Supplied material:
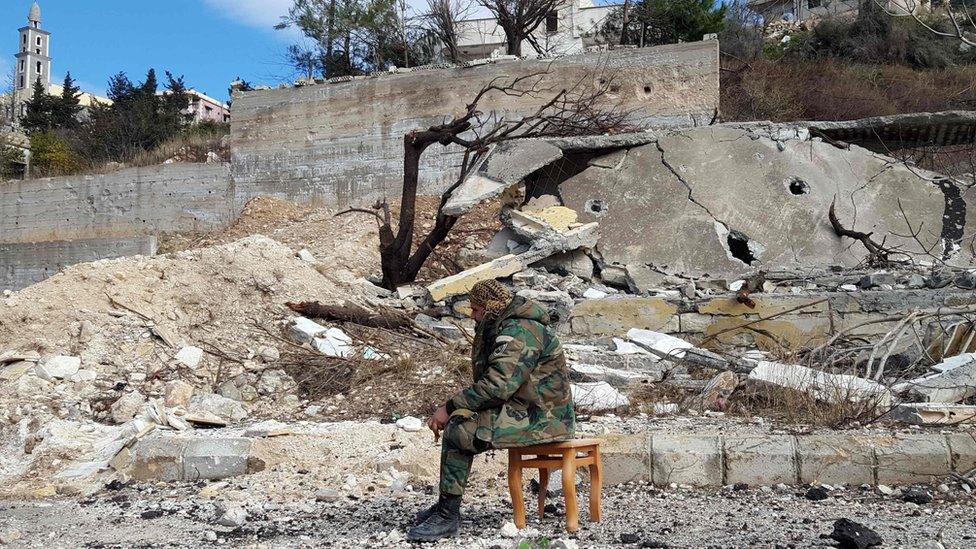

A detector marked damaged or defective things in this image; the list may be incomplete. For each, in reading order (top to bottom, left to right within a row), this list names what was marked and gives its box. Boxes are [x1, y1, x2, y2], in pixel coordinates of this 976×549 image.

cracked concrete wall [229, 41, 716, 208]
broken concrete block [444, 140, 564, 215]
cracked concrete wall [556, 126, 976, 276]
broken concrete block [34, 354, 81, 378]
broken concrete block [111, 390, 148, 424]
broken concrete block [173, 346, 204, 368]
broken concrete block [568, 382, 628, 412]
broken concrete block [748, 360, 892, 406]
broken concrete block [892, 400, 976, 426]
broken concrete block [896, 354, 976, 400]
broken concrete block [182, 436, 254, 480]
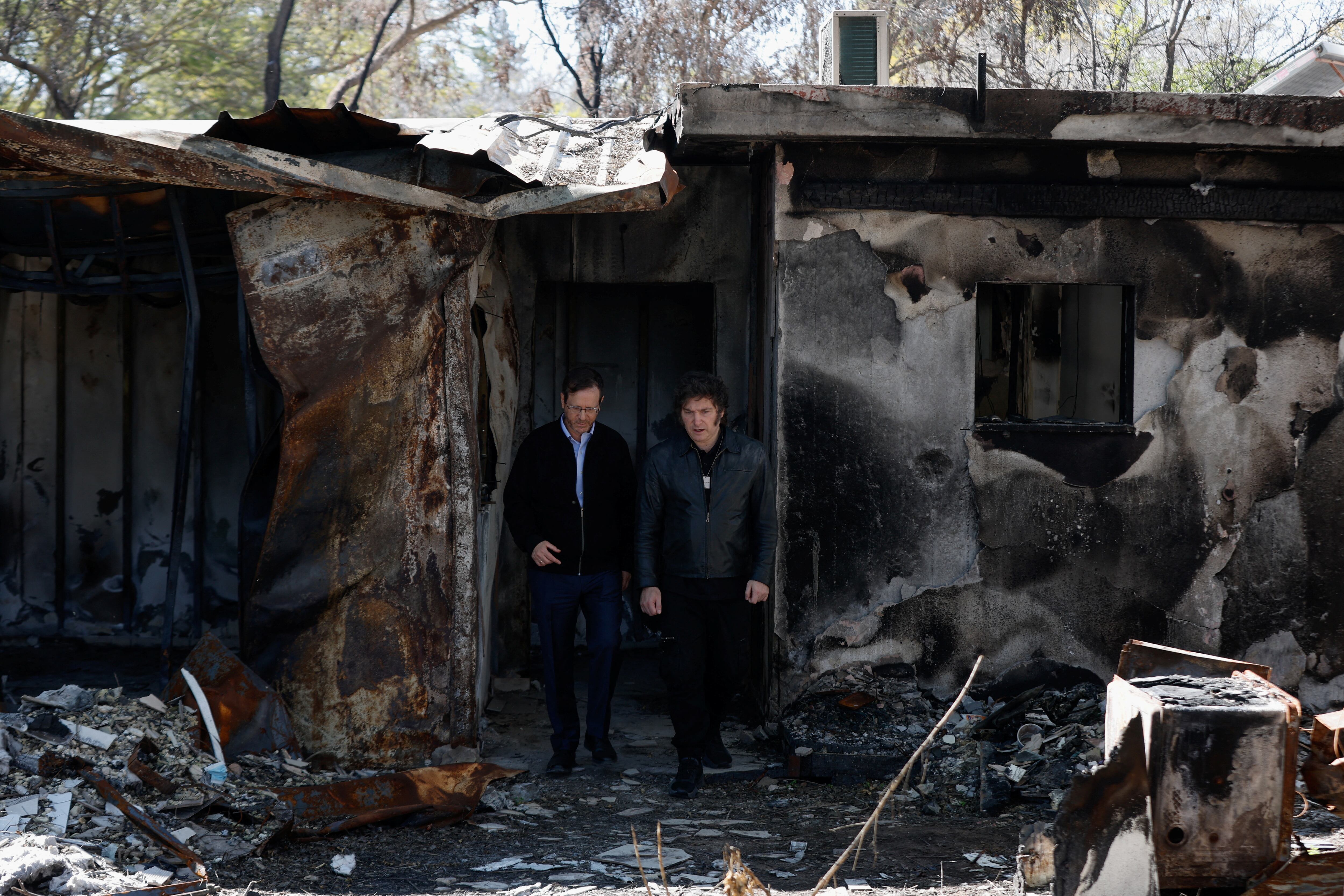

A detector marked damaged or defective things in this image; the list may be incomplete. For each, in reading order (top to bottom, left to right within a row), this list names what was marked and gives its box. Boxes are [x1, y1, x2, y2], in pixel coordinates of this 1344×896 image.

Task description: Omit the pictures and output all remaining material exactly.

Reply:
A detector marked damaged or defective things in this image; the list may be incomplete. For each, in reading order (top to bottom, left to right within a row), this list names what was marked and gives its box. Boxes are [x1, y1, x2, y2], in pixel coordinates of this 976×549 image.

cracked concrete wall [229, 41, 716, 208]
broken concrete block [444, 140, 564, 215]
cracked concrete wall [556, 126, 976, 276]
broken concrete block [34, 354, 81, 378]
broken concrete block [111, 390, 148, 424]
broken concrete block [173, 346, 204, 368]
broken concrete block [568, 382, 628, 412]
broken concrete block [748, 360, 892, 406]
broken concrete block [892, 400, 976, 426]
broken concrete block [896, 354, 976, 400]
broken concrete block [182, 436, 254, 480]

A detector marked damaged or defective things in this image; the list may be incomplete. For each, in reading order (top to bottom, left to right within a row), this list names what was marked and gives its box. Boxes are [x1, y1, x2, y2], in pixel coordinates of this 1344×896 image.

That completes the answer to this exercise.